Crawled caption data
════
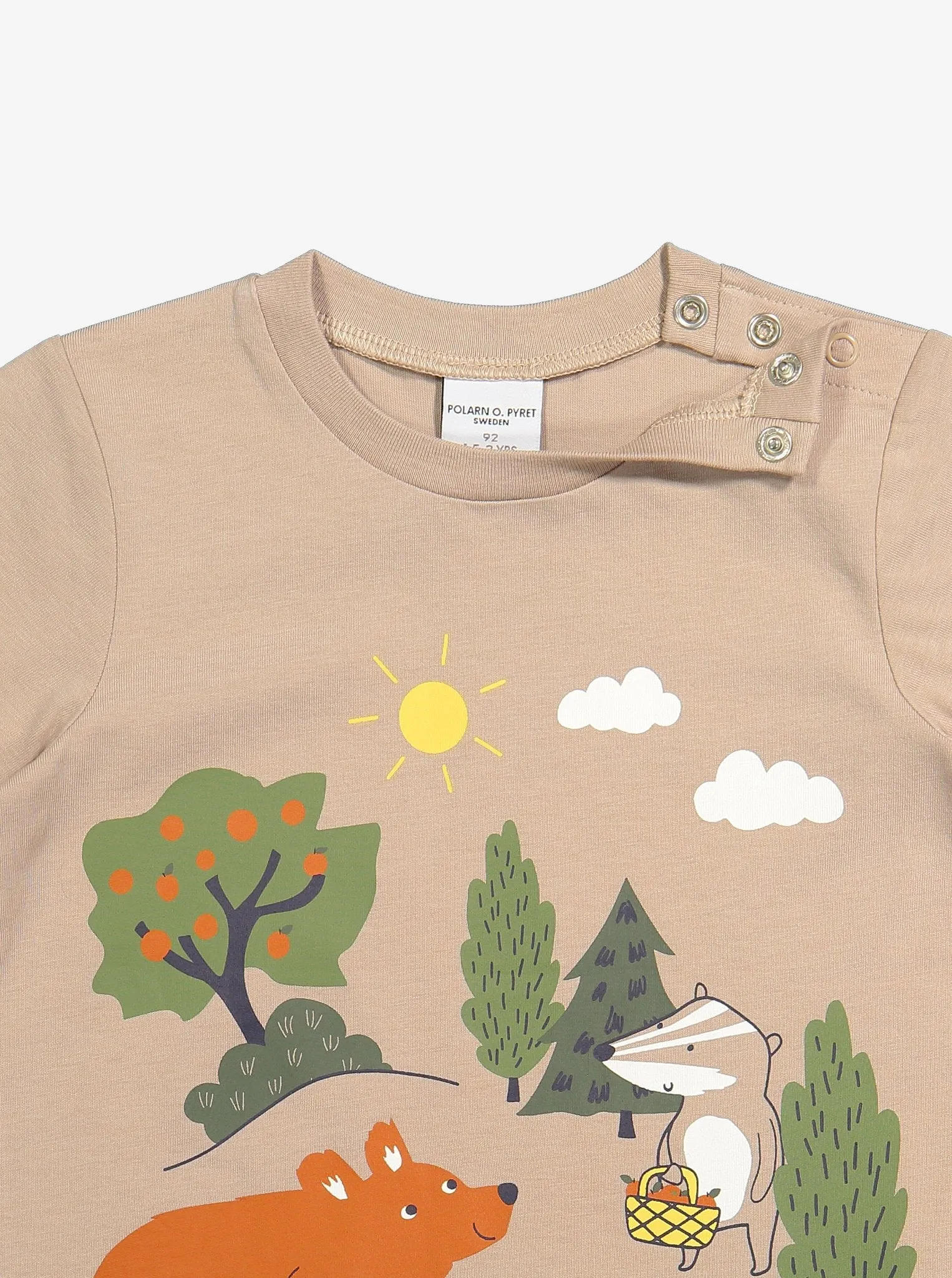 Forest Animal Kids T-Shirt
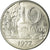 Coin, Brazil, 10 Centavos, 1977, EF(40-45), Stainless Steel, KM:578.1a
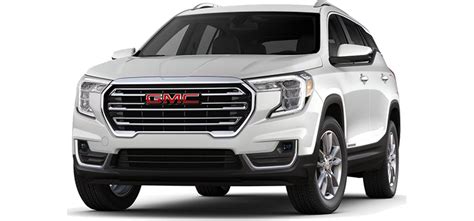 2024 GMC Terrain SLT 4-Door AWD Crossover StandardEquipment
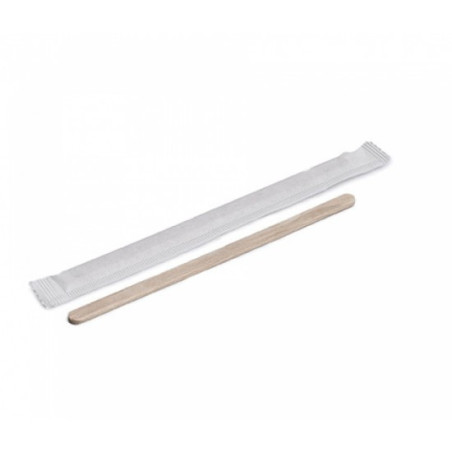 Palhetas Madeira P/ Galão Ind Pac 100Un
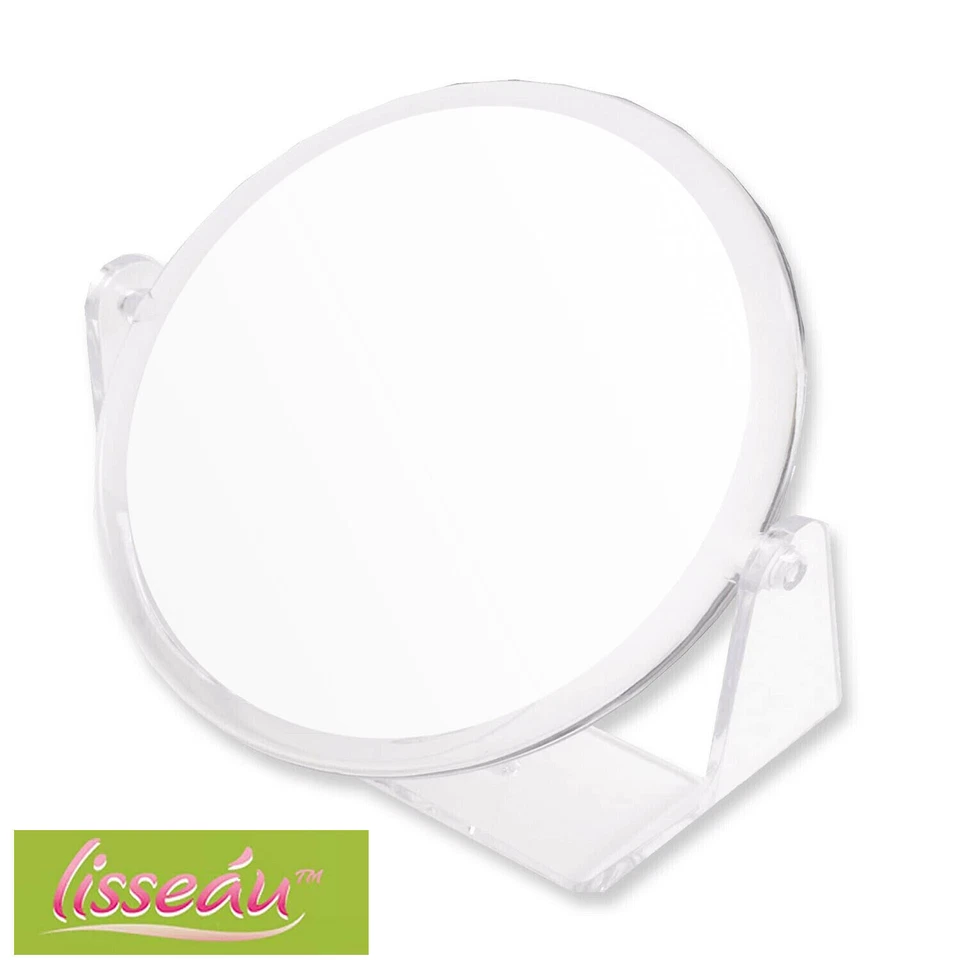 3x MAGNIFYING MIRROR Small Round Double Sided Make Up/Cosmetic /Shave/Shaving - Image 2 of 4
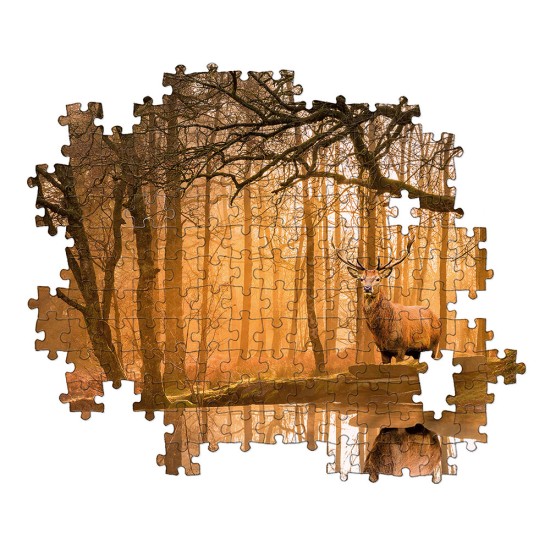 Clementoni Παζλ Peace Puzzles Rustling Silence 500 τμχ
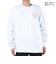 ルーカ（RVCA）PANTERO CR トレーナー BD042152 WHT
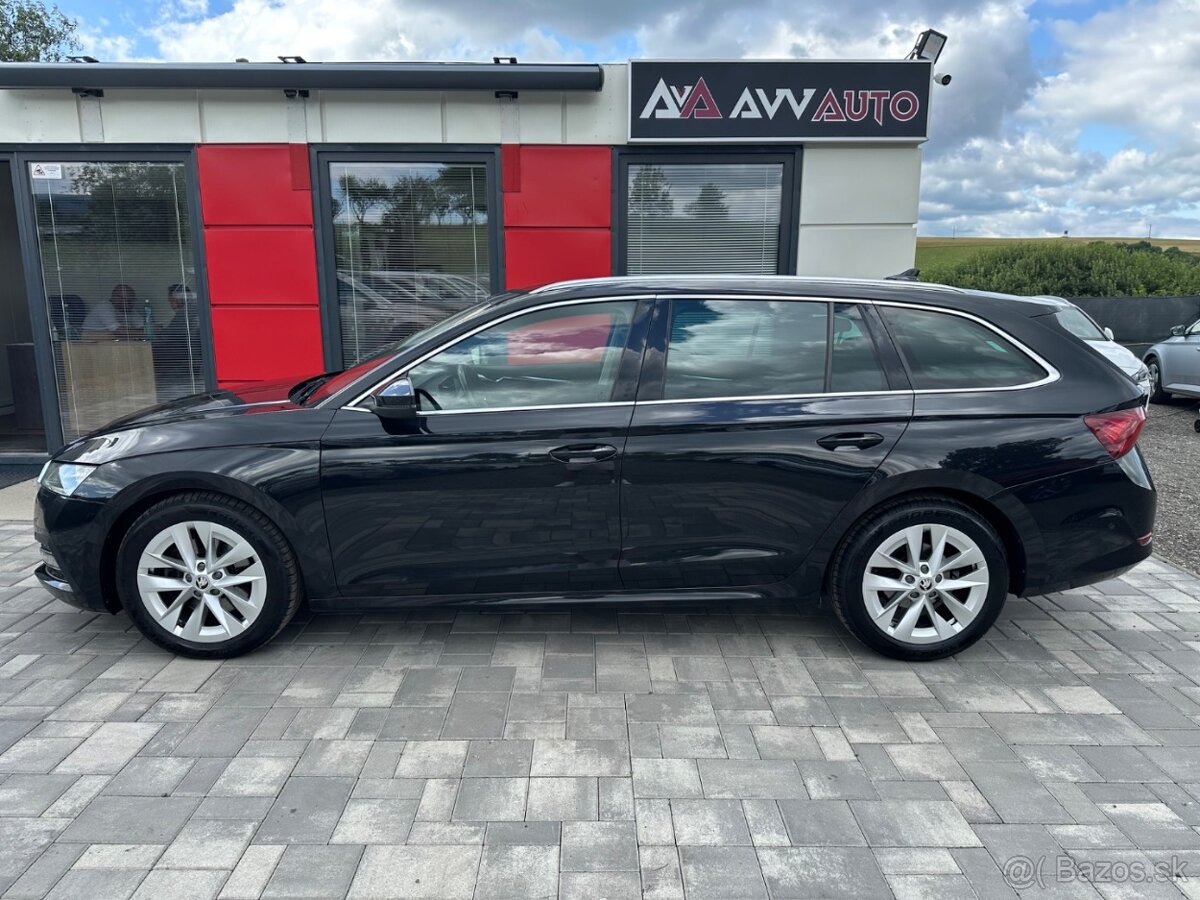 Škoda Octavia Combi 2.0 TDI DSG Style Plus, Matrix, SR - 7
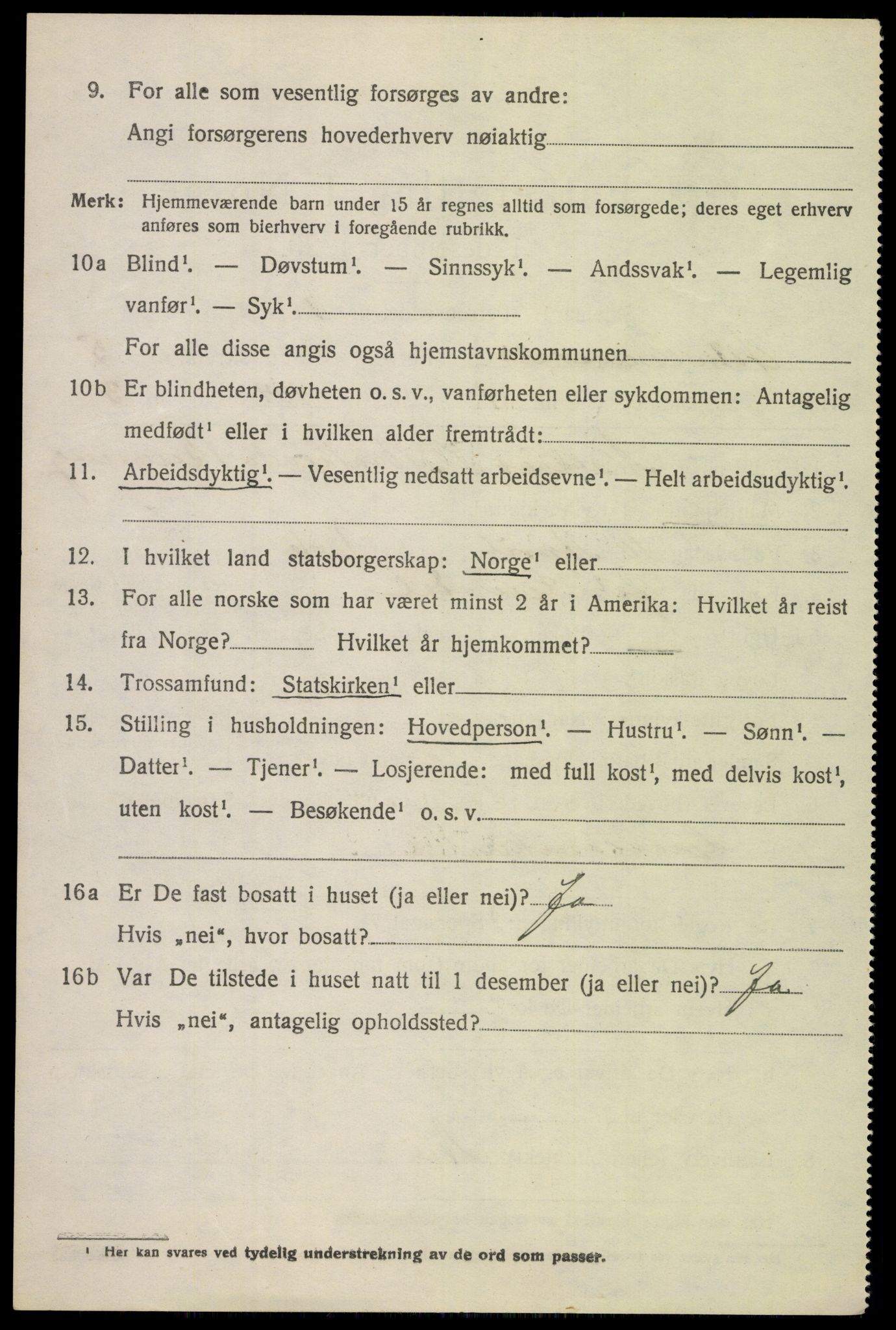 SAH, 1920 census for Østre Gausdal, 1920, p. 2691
════
[Work to complete]: Copy each line above exactly, with no images.

[Answer box]:
 Forest Animal Kids T-Shirt
 Coin, Brazil, 10 Centavos, 1977, EF(40-45), Stainless Steel, KM:578.1a
 2024 GMC Terrain SLT 4-Door AWD Crossover StandardEquipment
 Palhetas Madeira P/ Galão Ind Pac 100Un
 3x MAGNIFYING MIRROR Small Round Double Sided Make Up/Cosmetic /Shave/Shaving - Image 2 of 4
 Clementoni Παζλ Peace Puzzles Rustling Silence 500 τμχ
 ルーカ（RVCA）PANTERO CR トレーナー BD042152 WHT
 Škoda Octavia Combi 2.0 TDI DSG Style Plus, Matrix, SR - 7
 SAH, 1920 census for Østre Gausdal, 1920, p. 2691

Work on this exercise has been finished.